_Data block_.
[Start of section]
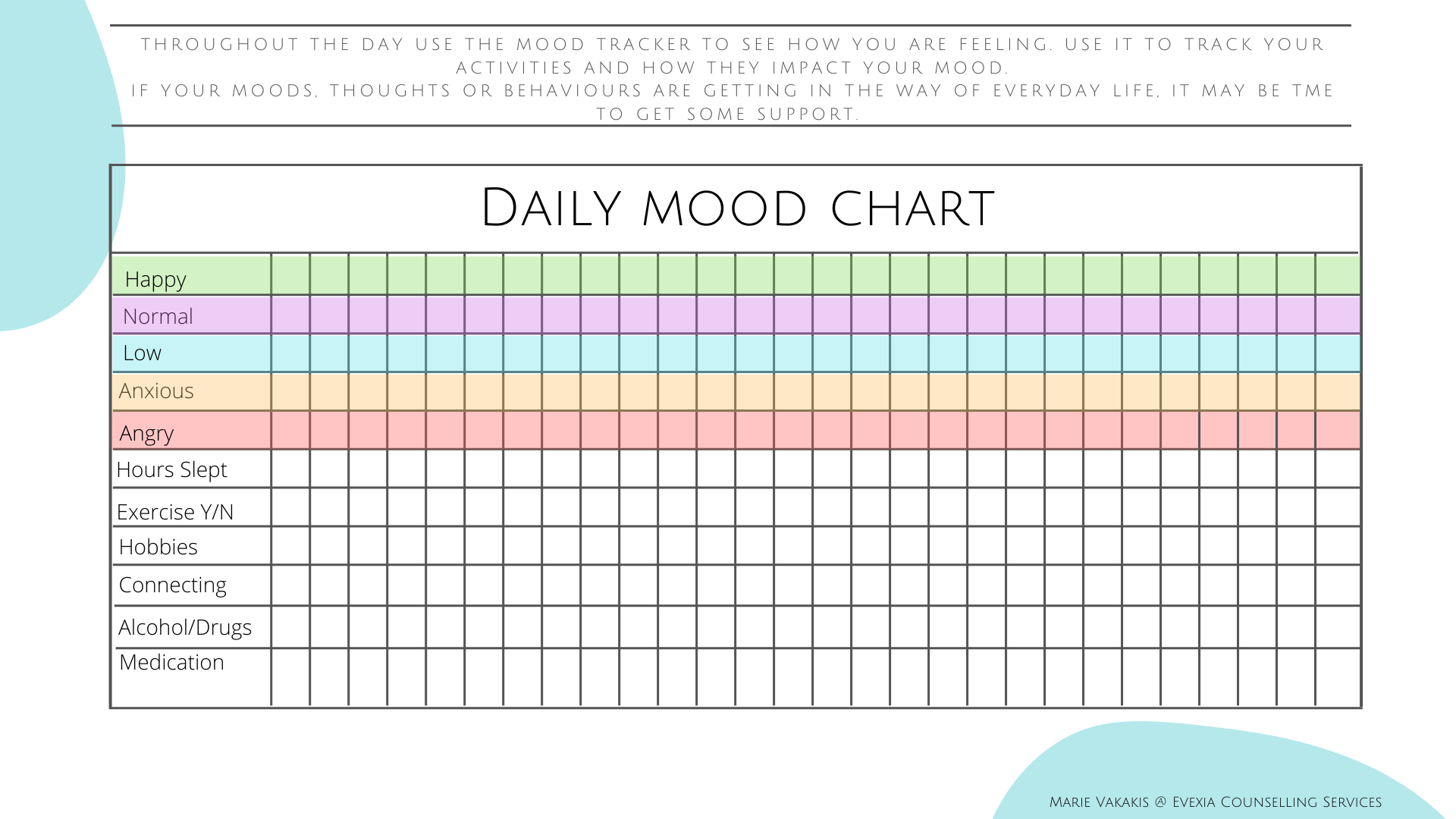 What Is A Mood Chart And Why Is It Important? - Free Sample, Example ...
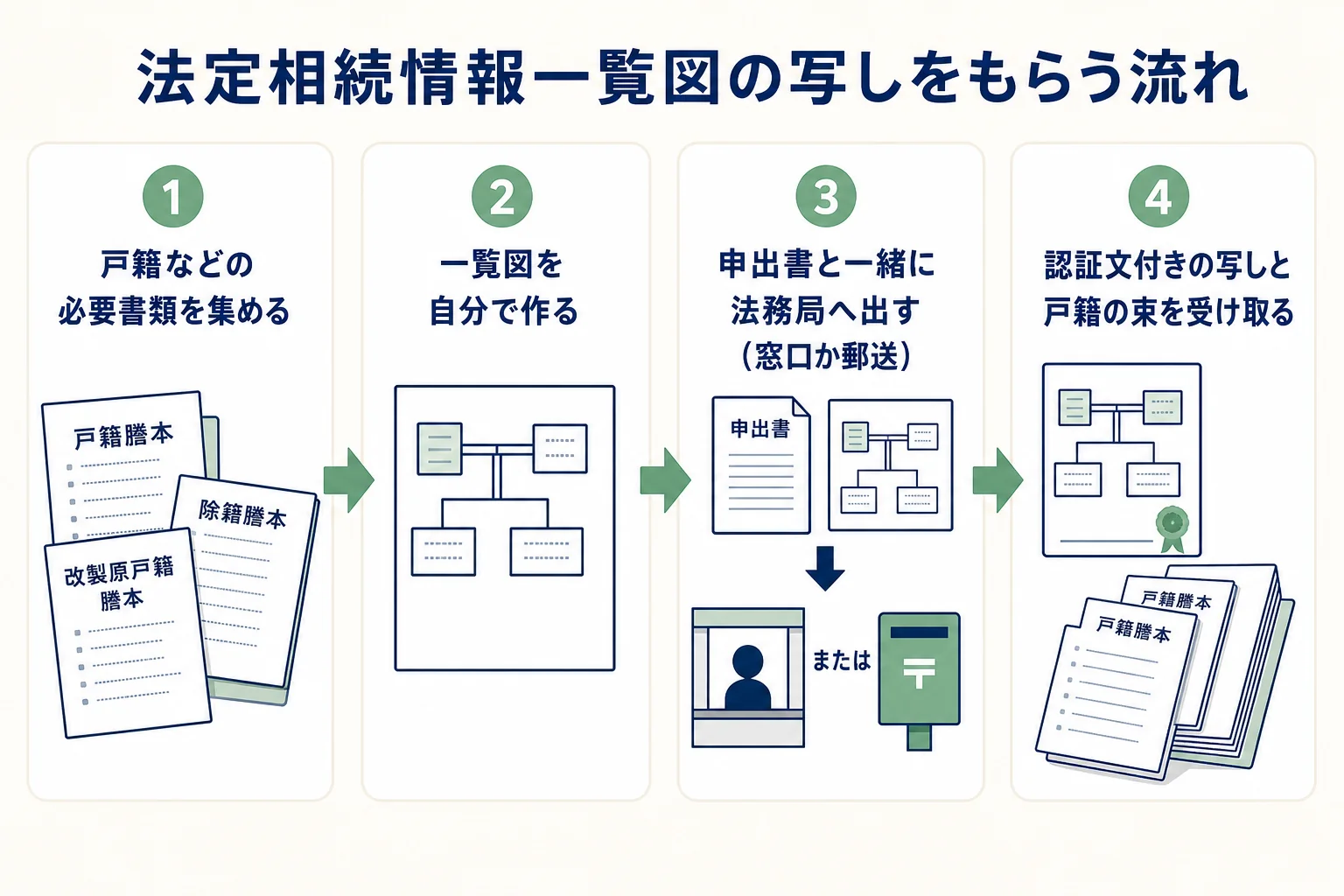 法定相続情報一覧図の写しを取得するまでの流れを4段階で示した図解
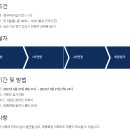 (주)피에스엠 이미지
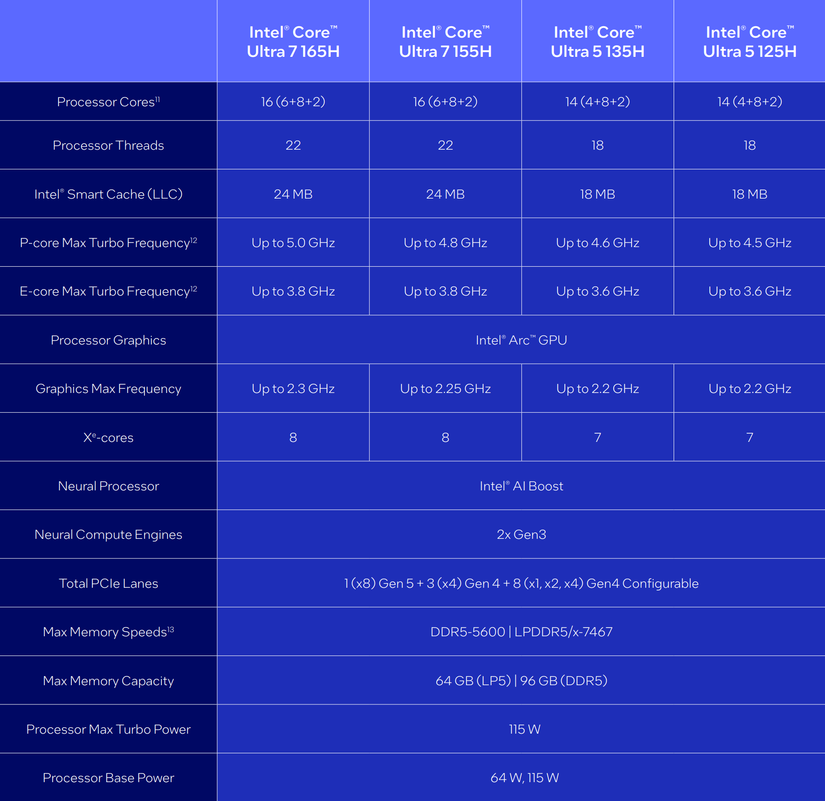 Intel Study Table Intel's new Core Ultra processors double GPU performance and set up a ...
[End of section]
_What the task asks_. Every line above must be printed again exactly, pictures excluded.

_Response_.
 What Is A Mood Chart And Why Is It Important? - Free Sample, Example ...
 法定相続情報一覧図の写しを取得するまでの流れを4段階で示した図解
 (주)피에스엠 이미지
 Intel Study Table Intel's new Core Ultra processors double GPU performance and set up a ...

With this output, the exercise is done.